▸ EXERCISE BRIEF:
Every line from the one containing "Tranquility Blend Rose" through the end of the data is to be copied exactly, and nothing outside that range.

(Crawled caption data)
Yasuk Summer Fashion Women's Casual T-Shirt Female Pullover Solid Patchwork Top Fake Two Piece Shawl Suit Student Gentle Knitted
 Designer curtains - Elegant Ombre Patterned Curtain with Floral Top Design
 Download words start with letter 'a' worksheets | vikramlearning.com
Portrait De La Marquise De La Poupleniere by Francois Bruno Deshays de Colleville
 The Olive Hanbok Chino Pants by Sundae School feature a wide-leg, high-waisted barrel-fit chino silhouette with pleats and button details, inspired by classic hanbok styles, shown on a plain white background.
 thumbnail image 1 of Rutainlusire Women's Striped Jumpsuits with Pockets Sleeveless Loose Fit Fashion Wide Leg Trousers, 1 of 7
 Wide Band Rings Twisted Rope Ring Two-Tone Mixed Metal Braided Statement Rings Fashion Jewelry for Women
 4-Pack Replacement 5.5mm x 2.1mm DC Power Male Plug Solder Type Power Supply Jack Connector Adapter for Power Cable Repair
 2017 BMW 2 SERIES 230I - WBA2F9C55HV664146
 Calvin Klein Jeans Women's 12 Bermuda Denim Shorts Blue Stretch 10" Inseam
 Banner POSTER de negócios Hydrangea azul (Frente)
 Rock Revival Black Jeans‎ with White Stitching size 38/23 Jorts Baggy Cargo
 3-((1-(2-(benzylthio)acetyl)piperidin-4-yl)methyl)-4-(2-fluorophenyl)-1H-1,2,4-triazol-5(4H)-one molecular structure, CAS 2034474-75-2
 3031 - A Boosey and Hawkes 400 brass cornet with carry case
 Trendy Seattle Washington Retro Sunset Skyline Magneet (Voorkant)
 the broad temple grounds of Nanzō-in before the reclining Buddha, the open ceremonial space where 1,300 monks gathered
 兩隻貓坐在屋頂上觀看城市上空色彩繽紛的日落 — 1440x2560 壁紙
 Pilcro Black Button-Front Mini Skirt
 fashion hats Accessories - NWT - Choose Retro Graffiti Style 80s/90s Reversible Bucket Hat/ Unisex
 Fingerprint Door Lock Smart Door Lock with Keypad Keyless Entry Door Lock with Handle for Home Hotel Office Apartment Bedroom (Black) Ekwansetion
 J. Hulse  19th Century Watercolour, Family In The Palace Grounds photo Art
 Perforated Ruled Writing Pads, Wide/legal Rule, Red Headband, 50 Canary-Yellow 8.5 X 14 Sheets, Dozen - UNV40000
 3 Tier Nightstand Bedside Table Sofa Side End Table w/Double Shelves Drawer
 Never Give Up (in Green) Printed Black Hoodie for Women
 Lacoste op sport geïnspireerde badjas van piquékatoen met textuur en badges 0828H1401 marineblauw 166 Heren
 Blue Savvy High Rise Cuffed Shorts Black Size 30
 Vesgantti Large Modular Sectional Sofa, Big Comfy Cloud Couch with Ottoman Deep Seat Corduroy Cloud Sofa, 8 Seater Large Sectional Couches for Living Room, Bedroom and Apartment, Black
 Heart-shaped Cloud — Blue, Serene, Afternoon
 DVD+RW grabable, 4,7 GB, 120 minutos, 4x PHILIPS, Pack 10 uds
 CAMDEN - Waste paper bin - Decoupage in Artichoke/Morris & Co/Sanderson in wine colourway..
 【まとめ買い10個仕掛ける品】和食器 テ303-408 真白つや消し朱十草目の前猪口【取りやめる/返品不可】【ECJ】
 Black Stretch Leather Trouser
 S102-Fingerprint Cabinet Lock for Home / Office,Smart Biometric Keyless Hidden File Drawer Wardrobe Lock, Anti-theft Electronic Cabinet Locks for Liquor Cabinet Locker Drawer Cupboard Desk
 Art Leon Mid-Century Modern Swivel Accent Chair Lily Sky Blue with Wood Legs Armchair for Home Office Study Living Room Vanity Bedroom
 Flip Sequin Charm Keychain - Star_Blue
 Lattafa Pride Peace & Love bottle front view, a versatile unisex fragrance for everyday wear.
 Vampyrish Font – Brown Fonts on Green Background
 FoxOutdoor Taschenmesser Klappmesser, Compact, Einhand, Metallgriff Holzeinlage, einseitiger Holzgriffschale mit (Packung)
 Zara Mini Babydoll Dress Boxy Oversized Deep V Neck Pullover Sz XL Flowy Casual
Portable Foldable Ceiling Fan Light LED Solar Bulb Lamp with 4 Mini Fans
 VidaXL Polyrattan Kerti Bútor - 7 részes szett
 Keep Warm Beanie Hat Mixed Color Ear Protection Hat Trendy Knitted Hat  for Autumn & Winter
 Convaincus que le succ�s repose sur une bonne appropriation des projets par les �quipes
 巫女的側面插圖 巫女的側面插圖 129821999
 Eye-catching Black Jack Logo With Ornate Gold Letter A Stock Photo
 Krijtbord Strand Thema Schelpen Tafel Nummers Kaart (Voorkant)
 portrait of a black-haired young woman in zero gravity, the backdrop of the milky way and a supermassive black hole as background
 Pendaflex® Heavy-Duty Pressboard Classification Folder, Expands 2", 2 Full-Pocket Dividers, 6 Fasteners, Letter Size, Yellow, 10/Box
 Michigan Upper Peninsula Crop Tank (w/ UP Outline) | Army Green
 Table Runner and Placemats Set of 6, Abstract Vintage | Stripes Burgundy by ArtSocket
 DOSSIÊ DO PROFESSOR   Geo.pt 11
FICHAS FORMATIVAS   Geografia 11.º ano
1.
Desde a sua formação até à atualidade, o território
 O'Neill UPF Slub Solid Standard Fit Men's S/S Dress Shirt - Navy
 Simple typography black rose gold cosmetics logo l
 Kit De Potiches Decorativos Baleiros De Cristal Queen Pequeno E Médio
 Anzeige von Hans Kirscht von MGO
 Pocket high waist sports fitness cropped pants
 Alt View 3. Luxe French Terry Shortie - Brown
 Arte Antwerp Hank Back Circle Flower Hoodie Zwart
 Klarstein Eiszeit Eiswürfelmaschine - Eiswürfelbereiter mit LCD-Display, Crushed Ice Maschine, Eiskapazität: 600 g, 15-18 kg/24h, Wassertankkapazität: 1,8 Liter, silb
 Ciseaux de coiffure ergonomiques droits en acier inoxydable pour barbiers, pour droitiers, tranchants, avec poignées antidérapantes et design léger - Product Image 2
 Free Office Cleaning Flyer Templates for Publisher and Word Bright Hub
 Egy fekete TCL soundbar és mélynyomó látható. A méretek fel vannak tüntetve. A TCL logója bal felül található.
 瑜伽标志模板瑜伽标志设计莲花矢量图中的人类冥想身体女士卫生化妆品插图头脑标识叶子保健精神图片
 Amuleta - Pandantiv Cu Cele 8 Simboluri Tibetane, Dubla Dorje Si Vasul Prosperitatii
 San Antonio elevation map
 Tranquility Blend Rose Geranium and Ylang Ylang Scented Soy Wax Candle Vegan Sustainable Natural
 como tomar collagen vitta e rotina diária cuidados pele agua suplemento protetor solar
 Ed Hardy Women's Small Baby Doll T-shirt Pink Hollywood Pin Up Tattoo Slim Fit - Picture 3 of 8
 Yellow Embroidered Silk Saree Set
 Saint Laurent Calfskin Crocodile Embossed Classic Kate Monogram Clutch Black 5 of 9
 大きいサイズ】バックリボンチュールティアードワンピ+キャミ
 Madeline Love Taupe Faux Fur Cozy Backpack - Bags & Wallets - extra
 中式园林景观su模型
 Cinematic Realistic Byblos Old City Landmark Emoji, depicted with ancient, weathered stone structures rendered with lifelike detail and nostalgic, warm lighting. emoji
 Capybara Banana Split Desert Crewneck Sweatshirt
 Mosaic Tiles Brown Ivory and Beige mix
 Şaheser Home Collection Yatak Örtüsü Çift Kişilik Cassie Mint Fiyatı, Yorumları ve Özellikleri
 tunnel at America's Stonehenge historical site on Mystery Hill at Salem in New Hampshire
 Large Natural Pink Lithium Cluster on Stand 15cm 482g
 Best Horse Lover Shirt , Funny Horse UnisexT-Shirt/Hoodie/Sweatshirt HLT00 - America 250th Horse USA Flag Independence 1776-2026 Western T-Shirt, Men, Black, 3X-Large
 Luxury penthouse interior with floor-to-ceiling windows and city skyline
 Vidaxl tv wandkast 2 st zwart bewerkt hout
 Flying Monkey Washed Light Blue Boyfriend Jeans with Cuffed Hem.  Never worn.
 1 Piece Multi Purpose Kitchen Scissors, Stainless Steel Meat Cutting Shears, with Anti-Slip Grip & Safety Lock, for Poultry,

▸ THE ANSWER:
 Tranquility Blend Rose Geranium and Ylang Ylang Scented Soy Wax Candle Vegan Sustainable Natural
 como tomar collagen vitta e rotina diária cuidados pele agua suplemento protetor solar
 Ed Hardy Women's Small Baby Doll T-shirt Pink Hollywood Pin Up Tattoo Slim Fit - Picture 3 of 8
 Yellow Embroidered Silk Saree Set
 Saint Laurent Calfskin Crocodile Embossed Classic Kate Monogram Clutch Black 5 of 9
 大きいサイズ】バックリボンチュールティアードワンピ+キャミ
 Madeline Love Taupe Faux Fur Cozy Backpack - Bags & Wallets - extra
 中式园林景观su模型
 Cinematic Realistic Byblos Old City Landmark Emoji, depicted with ancient, weathered stone structures rendered with lifelike detail and nostalgic, warm lighting. emoji
 Capybara Banana Split Desert Crewneck Sweatshirt
 Mosaic Tiles Brown Ivory and Beige mix
 Şaheser Home Collection Yatak Örtüsü Çift Kişilik Cassie Mint Fiyatı, Yorumları ve Özellikleri
 tunnel at America's Stonehenge historical site on Mystery Hill at Salem in New Hampshire
 Large Natural Pink Lithium Cluster on Stand 15cm 482g
 Best Horse Lover Shirt , Funny Horse UnisexT-Shirt/Hoodie/Sweatshirt HLT00 - America 250th Horse USA Flag Independence 1776-2026 Western T-Shirt, Men, Black, 3X-Large
 Luxury penthouse interior with floor-to-ceiling windows and city skyline
 Vidaxl tv wandkast 2 st zwart bewerkt hout
 Flying Monkey Washed Light Blue Boyfriend Jeans with Cuffed Hem.  Never worn.
 1 Piece Multi Purpose Kitchen Scissors, Stainless Steel Meat Cutting Shears, with Anti-Slip Grip & Safety Lock, for Poultry,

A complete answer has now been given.